Assignment:
Below are records; transcribe only the line with "2-Hour Explore Savannah" and those after it, through the last line, without any change.

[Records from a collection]

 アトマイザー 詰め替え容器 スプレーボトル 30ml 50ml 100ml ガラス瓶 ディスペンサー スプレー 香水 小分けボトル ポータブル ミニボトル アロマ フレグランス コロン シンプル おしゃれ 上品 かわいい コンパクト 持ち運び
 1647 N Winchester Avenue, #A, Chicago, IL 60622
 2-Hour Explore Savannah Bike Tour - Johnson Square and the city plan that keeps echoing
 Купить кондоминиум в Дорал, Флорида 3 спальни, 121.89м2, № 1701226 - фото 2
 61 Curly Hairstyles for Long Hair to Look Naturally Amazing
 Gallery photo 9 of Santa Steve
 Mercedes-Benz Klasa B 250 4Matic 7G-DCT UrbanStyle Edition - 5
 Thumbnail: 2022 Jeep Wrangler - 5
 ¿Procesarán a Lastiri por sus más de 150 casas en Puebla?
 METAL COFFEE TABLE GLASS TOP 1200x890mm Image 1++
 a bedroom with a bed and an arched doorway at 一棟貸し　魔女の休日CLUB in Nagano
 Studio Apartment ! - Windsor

Worked solution:
 2-Hour Explore Savannah Bike Tour - Johnson Square and the city plan that keeps echoing
 Купить кондоминиум в Дорал, Флорида 3 спальни, 121.89м2, № 1701226 - фото 2
 61 Curly Hairstyles for Long Hair to Look Naturally Amazing
 Gallery photo 9 of Santa Steve
 Mercedes-Benz Klasa B 250 4Matic 7G-DCT UrbanStyle Edition - 5
 Thumbnail: 2022 Jeep Wrangler - 5
 ¿Procesarán a Lastiri por sus más de 150 casas en Puebla?
 METAL COFFEE TABLE GLASS TOP 1200x890mm Image 1++
 a bedroom with a bed and an arched doorway at 一棟貸し　魔女の休日CLUB in Nagano
 Studio Apartment ! - Windsor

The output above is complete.